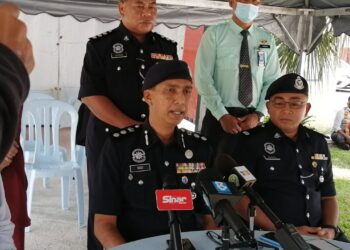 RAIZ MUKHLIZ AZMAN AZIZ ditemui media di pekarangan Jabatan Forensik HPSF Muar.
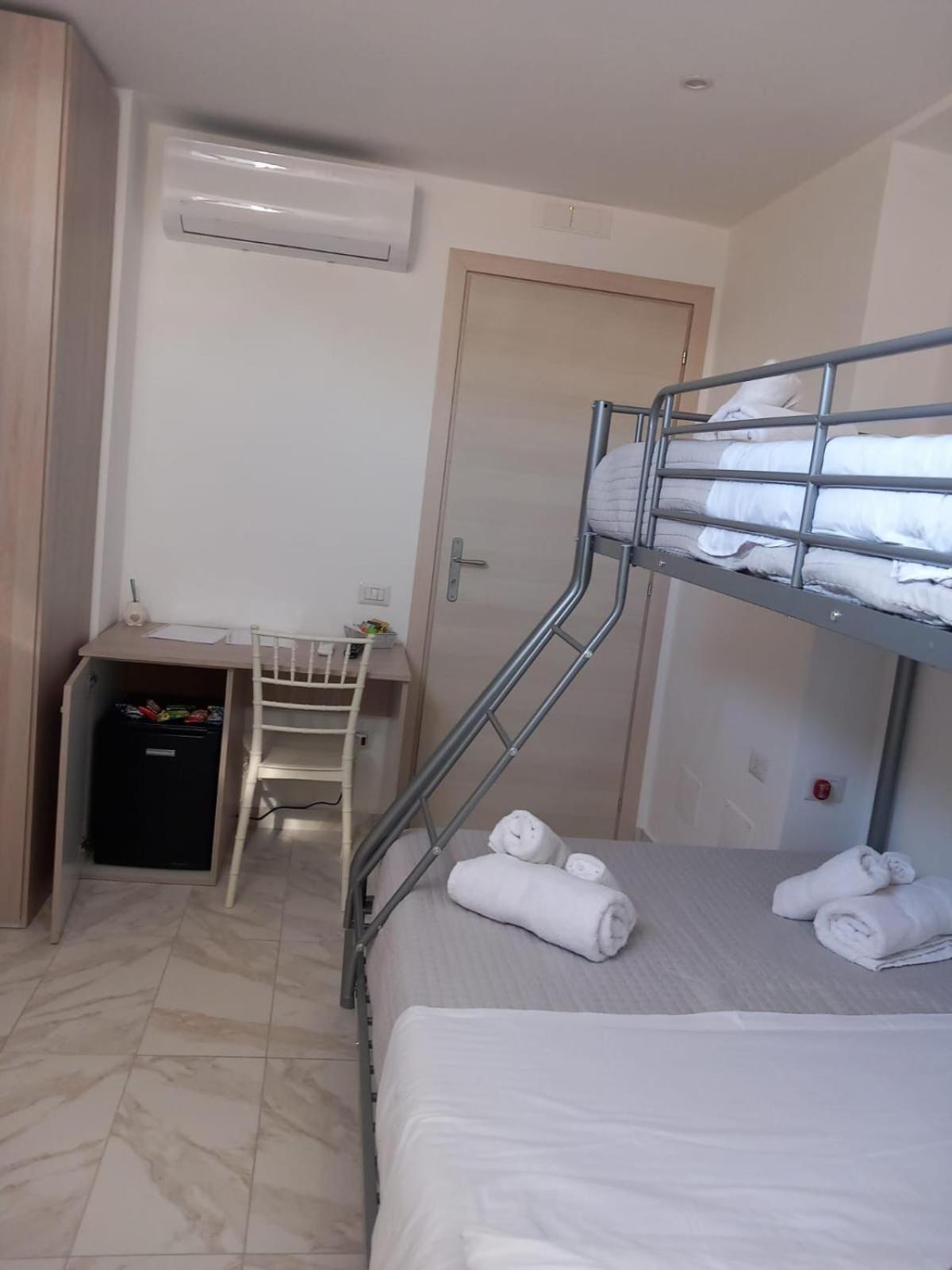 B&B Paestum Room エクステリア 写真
■ ■ ■ ■ ■
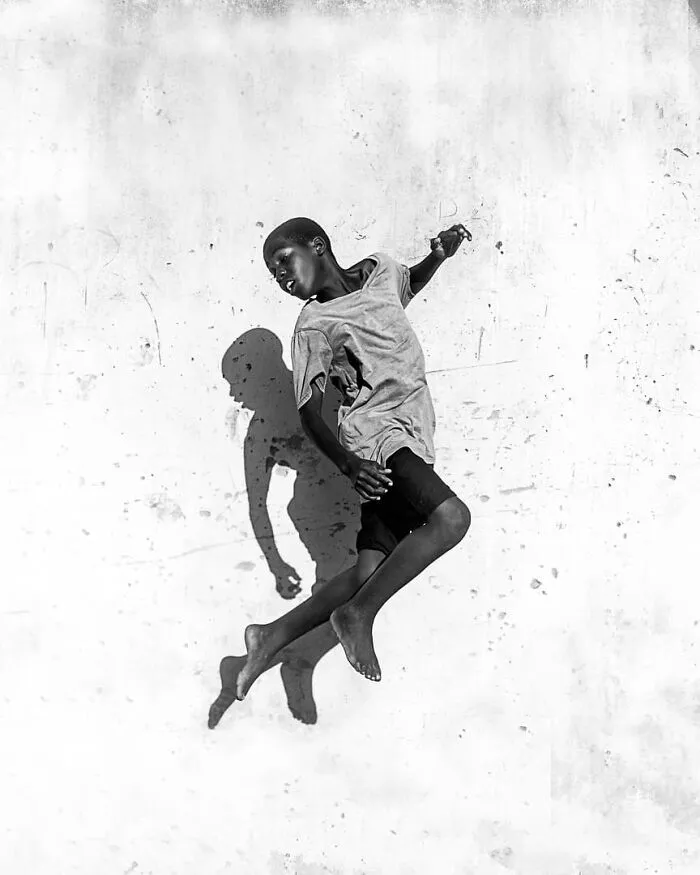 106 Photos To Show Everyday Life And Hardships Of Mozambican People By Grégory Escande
■ ■ ■ ■ ■
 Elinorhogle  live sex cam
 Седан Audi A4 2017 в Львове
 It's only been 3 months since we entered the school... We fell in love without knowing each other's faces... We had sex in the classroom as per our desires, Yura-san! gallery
■ ■ ■ ■ ■
• [Your instructions]: From the entries above, give again exactly the lines running from the line with "live sex cam" to the line with "It's only been"; include both of those lines.

• [Your solution]:
 Elinorhogle  live sex cam
 Седан Audi A4 2017 в Львове
 It's only been 3 months since we entered the school... We fell in love without knowing each other's faces... We had sex in the classroom as per our desires, Yura-san! gallery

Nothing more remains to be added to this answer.